Quantcast

City reviews awarding of pesticide contract

By Kathianne Boniello

A Manhattan lawyer has accused the city Health Department of planning to award a contract for pesticide spraying to prevent the spread of the West Nile virus in 2001 to an Illinois company that has been under investigation by the state since January.

Joel Kupferman, a lawyer for the New York Environmental Law and Justice Project, has been representing more than 10 workers who said they became sick last year after spraying pesticide to prevent the spread of the West Nile virus. The spraying was conducted by Clarke Environmental Mosquito Management, Inc., based in Illinois.

Kupferman said the city intends to give the contract again to Clarke Management despite a state investigation into the way the company trained its workers in 2000.

A spokeswoman for the city Health Department said Tuesday that Clarke Management was the only company to put in a bid for this year’s spraying contract.

“We’re reviewing that to see if we should go ahead or try to go another way,” said spokeswoman Sandra Mullen.

Mullen, who said the process of finding a company to handle the spraying began a couple of months ago, would not comment on what would happen if the Health Department rejected Clarke Management’s bid for the contract.

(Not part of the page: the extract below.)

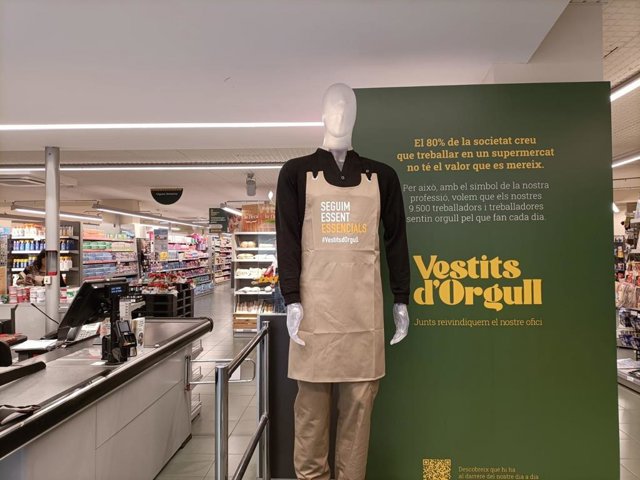 Maniquí colocado en una tienda Bonpreu en el marco de la campaña #VestitsdOrgull, que la empresa ha impulsado para reivindicar las oportunidades laborales en el sector de la distribución alimentaria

A spokesman for the state Department of Environmental Conservation said Tuesday Clarke Management has been under investigation since the beginning of the year following allegations that the company failed to properly train its workers to handle the pesticides in 2000.

The workers claimed they were not properly trained or given safe equipment to handle the pesticide “Anvil” by Clarke Management. Anvil was sprayed throughout the five boroughs in 2000 to prevent the spread by mosquitoes of the West Nile virus.

The 1999 outbreak of the exotic mosquito-borne virus was the first ever reported in the Western Hemisphere. While the Health Department insisted that its chosen pesticide in 1999 — malathion — was safe to use, some environmentalists and community activists protested the chemical.

Given the controversy surrounding the 1999 spraying campaign, in 2000 the city Health Department switched to two different pesticides, Anvil and “Scourge.”

Four people from Queens died during the 1999 outbreak and dozens were sickened. While the virus reappeared in the summer of 2000, only one Queens resident became ill during the outbreak and no one died.

Peter Constantakes, a spokesman for the state DEC, said Clarke Management has been under investigation since mid-January because of the worker’s allegations.

“It was brought to our attention that there were allegations of some training requirements that weren’t met,” he said.